Studio album by Anggun
- Released: 22 February 2005
- Recorded: 2004–2006
- Genre: Pop, rock
- Length: 50:08 (English version) 57:13 (French version)
- Language: French; English;
- Label: Heben Music
- Producer: Jean-Pierre Taïeb, FB Cool, Frédéric Jaffré, Lolly, Niels Brinck, Teetoff

Anggun chronology
| Open Hearts (2002) | Luminescence (2005) | Best Of (2006) |

Alternative cover
- French version artwork

Singles from Luminescence
- "In Your Mind" Released: 30 January 2005; "Undress Me" Released: 13 May 2005; "Saviour" Released: 10 August 2005; "I'll Be Alright" Released: 16 October 2006; "A Crime" Released: 19 February 2007;

= Luminescence (album) =

Luminescence is the third international studio album by Anggun.
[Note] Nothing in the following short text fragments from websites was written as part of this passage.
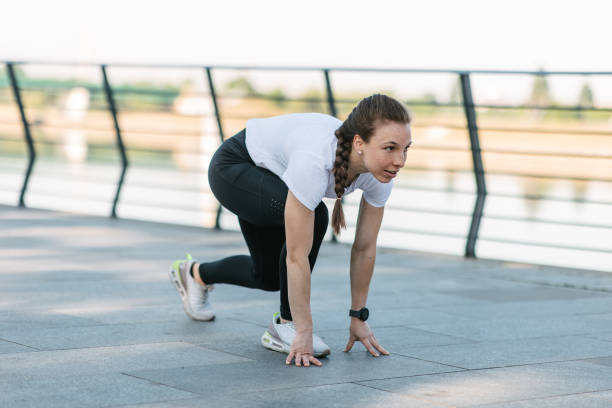 istock Woman in Sprinter Stance, Ready to Run 1478692487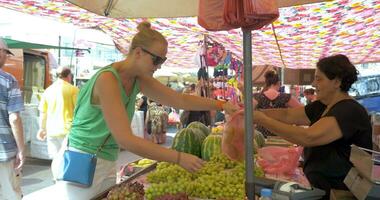 jovem mulher escolhendo uvas antes comprando video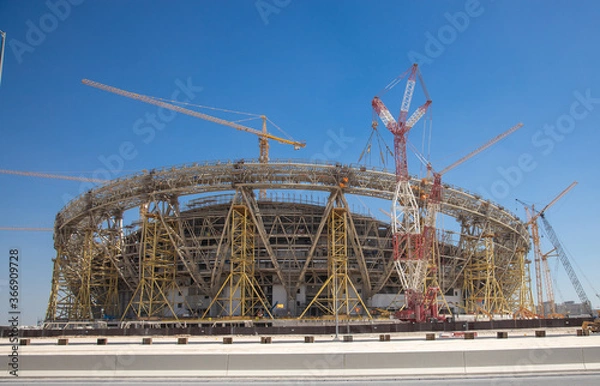 Fototapeta construction side of a football stadium with cranes and scaffoldings 
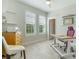 Bright office with a modern desk, wood filing cabinet, and plantation shutters on the windows at 636 San Augusto Dr, Kissimmee, FL 34759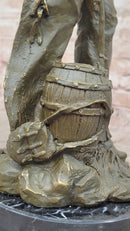 Western Bronze Cowgirl Sculpture with Rifle and Cowboy Hat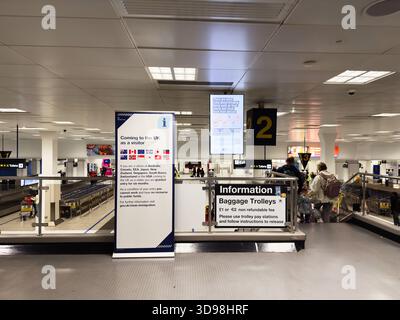 Manchester, UK - November 07, 2025: Busy Manchester airport scene with information signs, baggage trolleys, and travelers. Stock Photo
The French-language version was released in France on 22 February 2005, while English-language version, also with the same title, was first released in Italy on 18 May 2005. The album was later repackaged in August 2006 as Luminescence: Special Edition with three brand new songs. Following her departure from Columbia Records in 2003, Anggun signed a recording contract with Heben Music. The album features production by several musicians, including Jean-Pierre Taïeb, Frédéric Jaffré and Niels Brinck. Anggun co-wrote music and lyrics of the entire album, except two tracks on the French version.

Luminescence became Anggun's comeback album in France, selling over 121,000 copies there. In Indonesia, the album was certified quadruple platinum for exceeding sales of over 450,000 copies as of 2015. With the album, Anggun expanded her popularity to Eastern Europe. Luminescence was certified gold in Russia, while the album's singles accumulatively received more than 79,000 plays on Russian radio according to TopHit.ru. Luminescence received Platinum Export Award for its sales outside France. The album spawned singles "Être une femme", "Cesse la pluie", "Juste avant toi" and "Garde-moi" (featuring David Hallyday) from the French version, as well as "Undress Me", "In Your Mind", "Saviour", "I'll Be Alright" and "A Crime" from the English version.

==Background and development==
In 2001, Anggun had already begun working on the follow-up of her second international studio album, Chrysalis (2000). She collaborated with Swedish musician Jörgen Elofsson and Canadian rock singer Bryan Adams, whom she first met while performing at the 2000 Christmas concert in Vatican. One of the songs was "Walking Away" registered to Broadcast Music, Inc. (BMI). However, the writing session for her solo album was shelved, and Anggun started another recording session with Danish producers Niels Brinck and Jesper Winge Leisner for the soundtrack album of Susanne Bier's film Open Hearts (2002). Following the release of the soundtrack album, Anggun announced her departure from Columbia Records due to the company's structural change after its parent label Sony Music Entertainment merger with BMG Music.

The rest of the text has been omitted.